For Grand Junction High School Valedictorian Makayla Moran, perseverance is what she will remember most from this season of life.
Persevering through track practice and advanced placement classes, sure. But also through years of learning in a building that is falling apart.
At the Grand Junction High School commencement ceremony Tuesday morning, Moran told her 281 fellow graduates that while attending an outdated school and underfunded school district at times felt frustrating, it gave them an edge.
"It may seem as if others have the advantage for the future, but we have something they don't — perseverance. We have experienced fighting for what we believe in and working hard for what we earn," Moran said. "Our disadvantages have created unexpected skills that others do not have. We have the opportunity to be the David to the Goliath of others."

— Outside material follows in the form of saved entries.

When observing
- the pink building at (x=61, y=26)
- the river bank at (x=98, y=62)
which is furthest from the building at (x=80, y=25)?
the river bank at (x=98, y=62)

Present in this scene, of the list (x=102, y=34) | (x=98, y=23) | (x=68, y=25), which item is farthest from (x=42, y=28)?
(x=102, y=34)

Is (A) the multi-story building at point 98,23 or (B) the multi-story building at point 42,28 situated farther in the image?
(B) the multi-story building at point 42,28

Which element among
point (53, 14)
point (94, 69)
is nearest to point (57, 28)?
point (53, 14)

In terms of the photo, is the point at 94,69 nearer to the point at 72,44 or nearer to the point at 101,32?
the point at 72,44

Moran also served as editor of the Orange and Black student newspaper, which published an award-winning edition on the school's state of disrepair.

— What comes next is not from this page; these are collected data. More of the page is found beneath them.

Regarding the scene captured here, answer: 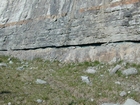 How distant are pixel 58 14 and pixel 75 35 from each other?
1843mm

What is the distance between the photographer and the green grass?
719 centimetres

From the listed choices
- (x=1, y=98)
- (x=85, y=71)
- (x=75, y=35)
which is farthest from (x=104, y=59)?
(x=1, y=98)

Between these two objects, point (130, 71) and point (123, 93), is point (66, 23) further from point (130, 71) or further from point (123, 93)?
point (123, 93)

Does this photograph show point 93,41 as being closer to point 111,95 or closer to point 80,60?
point 80,60

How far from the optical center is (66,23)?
488 inches

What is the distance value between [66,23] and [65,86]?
15.4ft

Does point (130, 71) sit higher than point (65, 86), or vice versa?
point (130, 71)

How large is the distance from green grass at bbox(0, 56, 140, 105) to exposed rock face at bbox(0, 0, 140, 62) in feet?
4.60

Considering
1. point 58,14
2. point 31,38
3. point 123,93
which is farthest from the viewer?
point 31,38

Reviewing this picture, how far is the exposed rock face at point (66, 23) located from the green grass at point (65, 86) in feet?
4.60

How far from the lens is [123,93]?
729cm

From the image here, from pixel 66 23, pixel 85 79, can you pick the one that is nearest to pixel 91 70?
pixel 85 79

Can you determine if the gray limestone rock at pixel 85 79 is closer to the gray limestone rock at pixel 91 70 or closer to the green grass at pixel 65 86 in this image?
the green grass at pixel 65 86

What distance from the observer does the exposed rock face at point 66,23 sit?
998 cm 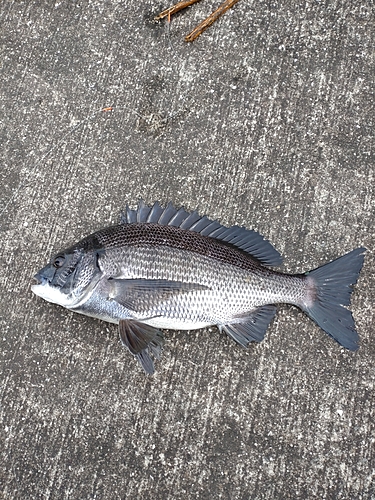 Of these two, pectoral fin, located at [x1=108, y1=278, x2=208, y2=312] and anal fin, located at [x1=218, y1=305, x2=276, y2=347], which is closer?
pectoral fin, located at [x1=108, y1=278, x2=208, y2=312]

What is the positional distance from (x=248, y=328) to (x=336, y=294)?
1.86 feet

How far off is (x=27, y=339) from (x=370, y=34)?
3.24m

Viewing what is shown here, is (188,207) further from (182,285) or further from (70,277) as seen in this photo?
(70,277)

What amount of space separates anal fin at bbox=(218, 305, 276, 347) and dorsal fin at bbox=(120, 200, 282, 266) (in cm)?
34

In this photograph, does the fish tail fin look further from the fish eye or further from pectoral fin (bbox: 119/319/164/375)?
the fish eye

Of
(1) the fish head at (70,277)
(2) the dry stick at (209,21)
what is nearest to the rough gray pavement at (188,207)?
(2) the dry stick at (209,21)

"As we move on in our lives and encounter greater opportunities, remember Grand Junction High School not as a place defining you, but as a place that taught you how to be strong and keep fighting when others give up," Moran said.
That message rang true for graduating senior Kada Gackle, who moved to Grand Junction from Canada in November.
Gackle said she struggled to find friends among students that had known each other for years and to adjust to a new school system.
"It's been really hard moving in the middle of senior year, especially leaving all my friends I've known since elementary school," she said."But I've gotten to meet a lot of new people and I've been forced out of my shell and out of my comfort zone. I'm definitely happy I moved here."